Cognac - A Heady Atmosphere
The Appellation
The six growth areas, or crus (singular='cru'), total about 80,000 ha of vines. The six crus are, in order of decreasing appreciation of the cognacs coming from them:
1. Grande Champagne
The core of Cognac, around Cognac and Segonzac, is the most prized, the Grande Champagne. (Note: the term 'Champagne' in relation to Cognac has nothing to do with sparkling wine, but means "open fields".) It has the greatest amount of Campanian chalk in its soil, and its vines yield the subtlest, most fragrant cognacs, and the ones that need the greatest maturation. The cru encompasses 27 communes, or winemaking communities, extending to a total of 35,700 ha. of which approximately 13,000 are planted to vine.
2. Petite Champagne
In a semi-circle to the south of Grande Champagne is the second key area, Petite Champagne, about twice the size but with around 16,000 hectares under vine. The soil here is still chalky, but it is a more compact and friable type known as Santonian chalk. This slight difference in soils means its cognacs are close in style to Grande Champagne, but without the finesse of the latter. If the two are blended, with at least half the cognac coming from Grande Champagne, the result is permitted to be called "Fine Champagne cognac".
3. Borderies
The third and smallest area is Borderies, a spur to the north of Grande Champagne, with 4000 hectares under vine. , With a microclimate unique in cognac, soils here are a mixture of chalk and clay with fruit ripenening earlier than the other regions. Its cognacs are full bodied but age quickly, and give backbone to a blend. Some table wine is produced here, because the clay results in wines with lower acidity.
4. Fins Bois
Surrounding all three of the above crus is the largest zone (354,200ha), Fins Bois, with around 33,000 hectares under vine. The soil here is chalk over a hard limestone base. Its cognacs also peak fairly quickly, around 10-12 years, and are used to soften the harder edge of the better cognacs when young.
5. Bon Bois
Again surrounding all four is an even bigger area, Bon Bois, where the soils are mostly composed of clay and are less suitable to the cognac vine. It has about 12,000 hectares planted. Its cognacs are quick to mature and can be somewhat coarse, so some houses refuse to inlcude them in blends.

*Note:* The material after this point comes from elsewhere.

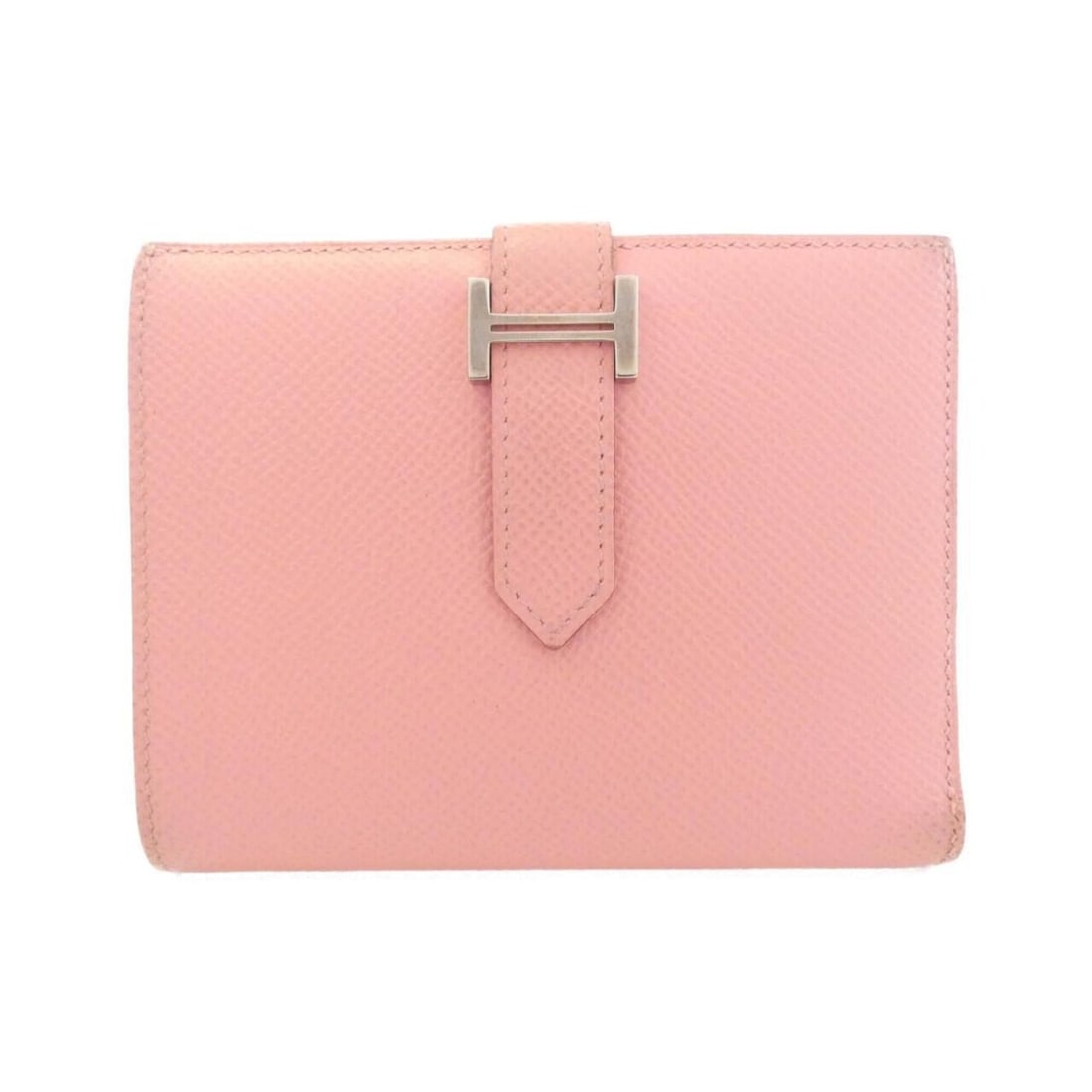 Hermes Bearn Compact Verso 076220CK Wallet: --- Catalog ---Category: SizeSize (HxWxD): 10cm x 12cm x 2cm / 3.93'' x 4.72'' x 0.78''Category: DesignType: Wallet (bi-fold)Color: Rose confettiGender: WomenMaterial: Epsom leather Category:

6. Bois Ordinaires et Bois Communs (Bois a Terroir)
Finally along the coast is Bois Ordinaires, the site of Cognac's original vineyards, with free draining sandy soils and a maritime climate. Its 1,700 hectares of vines give an early cognac mainly for local drinking, usually described as posessing "a characteristic local flavour" - which is simply a euphemism for mediocrity.

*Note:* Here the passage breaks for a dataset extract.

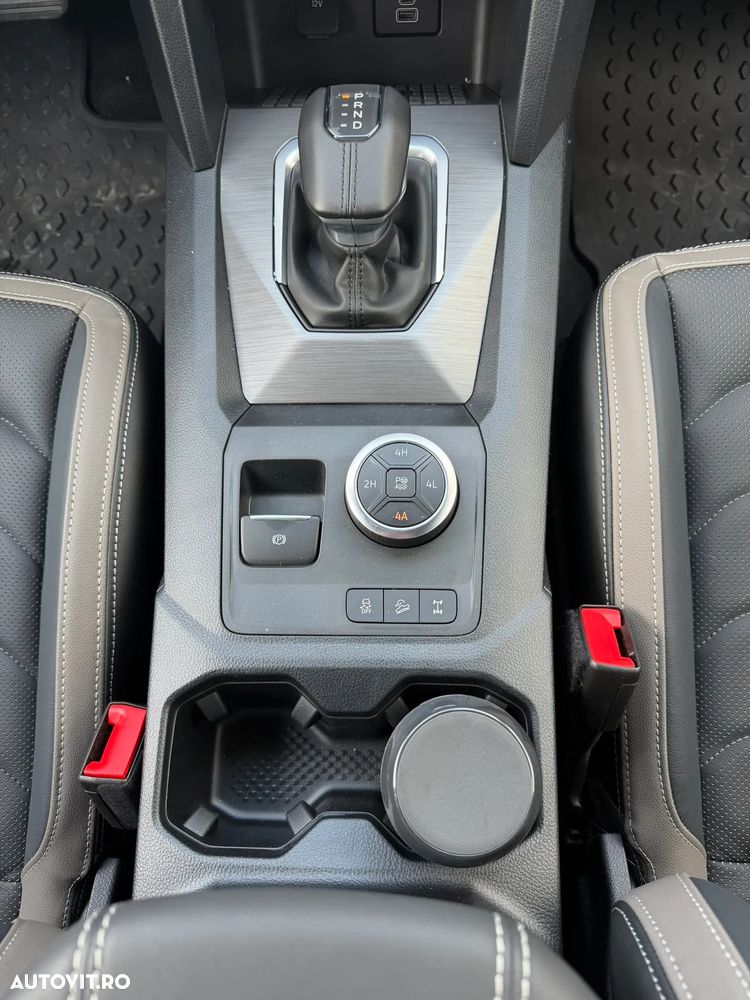 Volkswagen Amarok 3.0 TDI 241 CP 4M 10AT Aventura - 8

Grape varieties & Viticulture
As in Armagnac, the main variety planted is the Ugni Blanc [right] (locally known as 'St Emilion' or 'Trebbiano' in Italy), which accounts for about 98% of Cognac plantings and 90% of the crop. Folle Blanche along with Colombard, are still authorised. Others that can be used in strictly limited amounts are Semillon, Sauvignon, Jurancon Blanc, Montils and Blanc Rame.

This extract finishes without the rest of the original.